━━ COLLECTED MATERIAL

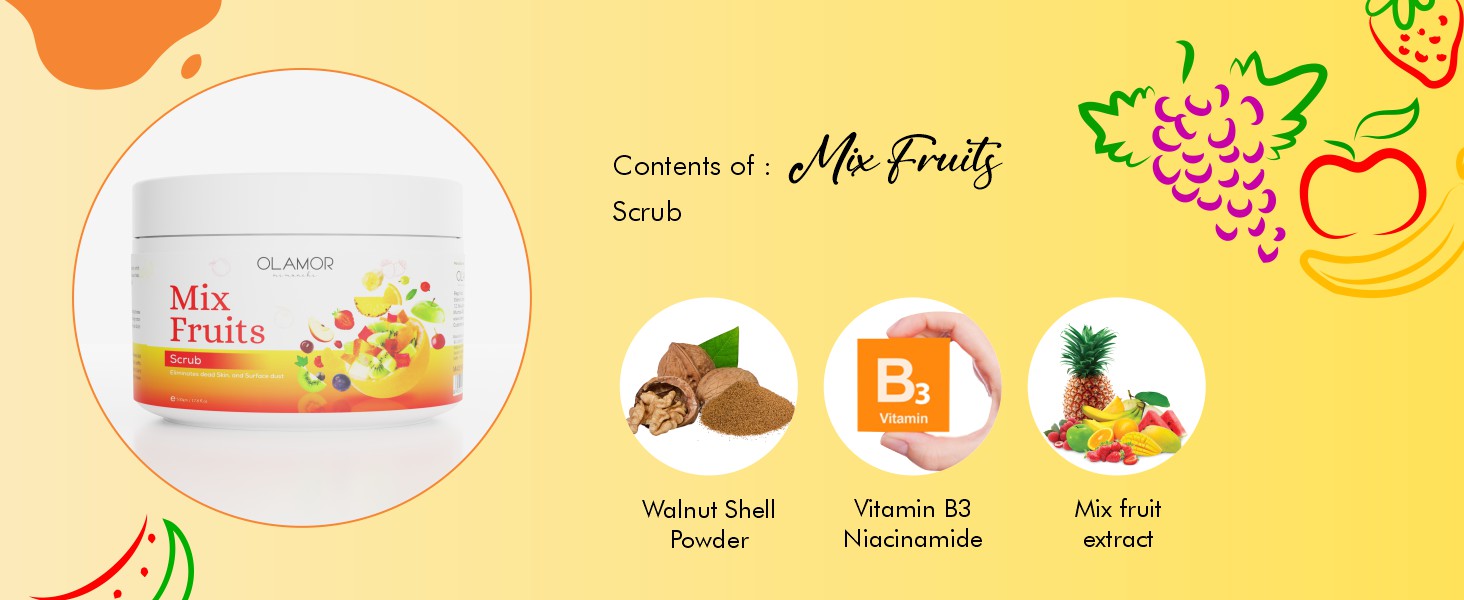 Olamor Mix Fruit Scrub  A+ Content Ingredients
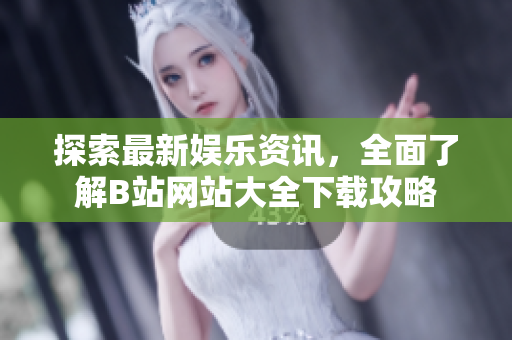 探索最新娱乐资讯，全面了解B站网站大全下载攻略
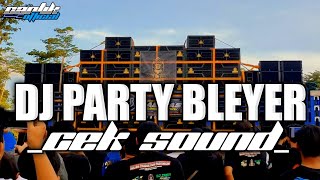 DJ PARTY CEK SOUND BASS BLEYER‼️YANG PERNAH DI PAKAI BREWOG AUDIO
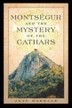 Montsegur and the Mystery of the Cathars (원서/인문/상품설명참조/2)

━━━━

An exact transcription of the listing is required, and it must contain no pictures.

SOLUTION FOR THIS PROBLEM >>
 Olamor Mix Fruit Scrub  A+ Content Ingredients
 探索最新娱乐资讯，全面了解B站网站大全下载攻略
 DJ PARTY CEK SOUND BASS BLEYER‼️YANG PERNAH DI PAKAI BREWOG AUDIO
 Montsegur and the Mystery of the Cathars (원서/인문/상품설명참조/2)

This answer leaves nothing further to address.